Algo de eso tenía Florentino. Y digo “tenía” porque esta semana se le ha desvencijado el aura de Lex Luthor. Hasta hace bien poco, el presidente del Madrid era mucho más que un presidente. Era una quimera. Héroe perfecto para madridistas, antihéroe tiránico para todos los demás. No había nada que su esmerada mano de mariscal del fútbol no pudiera conseguir. Una sola llamada de su teléfono podía desatar tempestades que amenazasen con cambiar dinámicas históricas entre los clubes más poderosos del mundo. Sin embargo, ahora esa certeza se ha desvanecido. Lo que no quiere decir que hayan caído todos los altares florentinianos a los que acuden los feligreses merengues para disipar sus dudas de fe. Sea como fuere, la debacle de la Superliga ha dañado la imagen del Madrid, quién sabe si mucho o poco, pero la del presidente sólo comenzó a resentirse en el momento en el que puso un pie en un plató de televisión. 

Desde hace unos días ha podido verse a un hombre aturdido, incapaz de hacer llegar su mensaje y hasta sorprendido por la manera como funciona el mundo de las polémicas en la civilización del espectáculo. Ni siquiera fue noticia que se le escaparan los asombros del César que no comprende que sus deseos no se conviertan en ley. Pero fue precisamente su mesianismo errático el que propició que el posible debate acerca del futuro del deporte terminase de convertirse en una suerte de referéndum populista.
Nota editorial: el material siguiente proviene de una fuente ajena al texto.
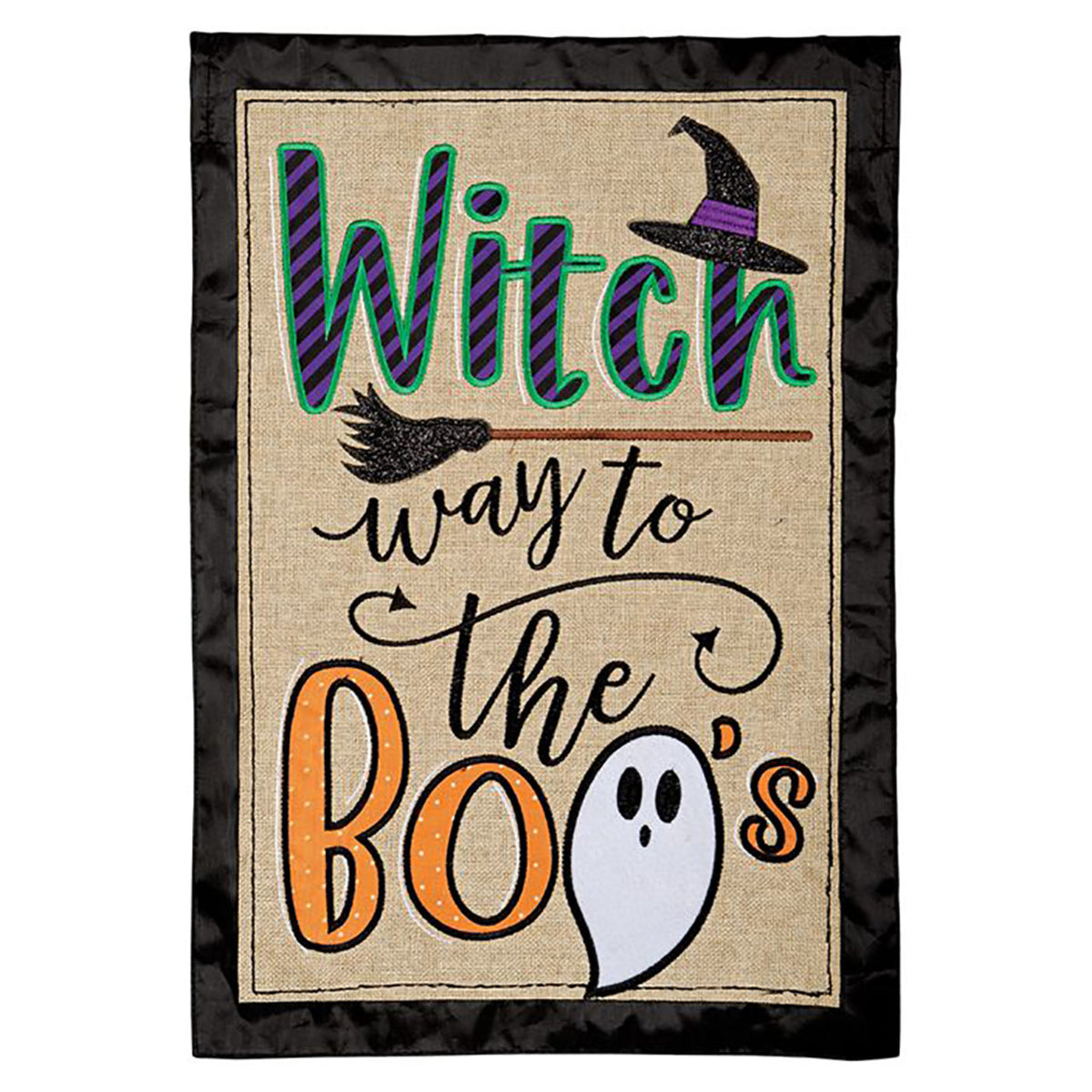 Halloween-themed decorative flag with text and graphics on a burlap background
O aristocracia o democracia, han venido a decir hipócritamente unas instituciones autoritarias que si por algo se caracterizan es por anteponer siempre los réditos económicos a los intereses de los aficionados. En esa encrucijada, la de la mejor forma de “salvar el fútbol”, como ingenuamente quiso presentar su propuesta Florentino, todavía no se ha analizado la opción alternativa de elaborar un campeonato europeo que no desmerezca la importancia que tienen las ligas pero que también le permita al hincha disfrutar de muchos más partidos de élite al año. El berrinche de millonarios defendiendo su pastel ha conseguido hacerse pasar por lo mejor para el pueblo. Y el mundo sigue girando.
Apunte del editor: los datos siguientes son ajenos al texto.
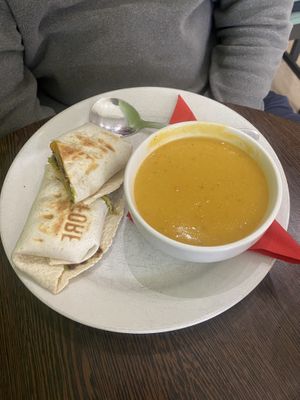 Nacho wrap and lentil soup  at Blended Brew in Inverness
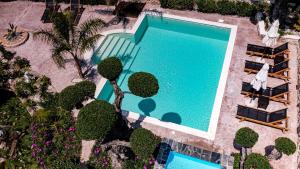 Káto YerakaríonArt House Villa的享有带椅子和树木的游泳池的顶部景致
A veces uno tarda años en comprender que en el fútbol, como en la vida, todo termina pareciéndose mucho a la política. Es lo mismo que pudo verse este miércoles, en ese debate que siguió media España mientras gran parte de los votantes madrileños preferían centrarse en lo que pasase en el Ramón de Carranza. Si algo suelen enseñar los debates electorales es que la ficción de la política como herramienta del pueblo para gobernarse a sí mismo no es más que una mentira que preferimos creernos. Mejor eso que comernos el caos que podría esconderse detrás. Pese a todo, quizás Florentino pueda aprender algo de lo ocurrido en Telemadrid. Que la democracia mediática no suele comprar las propuestas que no tengan un discurso entendible detrás, por ejemplo. Y que la cosa jamás consistirá en encontrar los puntos de unión que permitan el encuentro de posturas contrapuestas, sino en la delimitación de fronteras que dibujen espacios infranqueables desde los que apedrear al rival. Tampoco importa si lo que tiene que decir puede resultar interesante.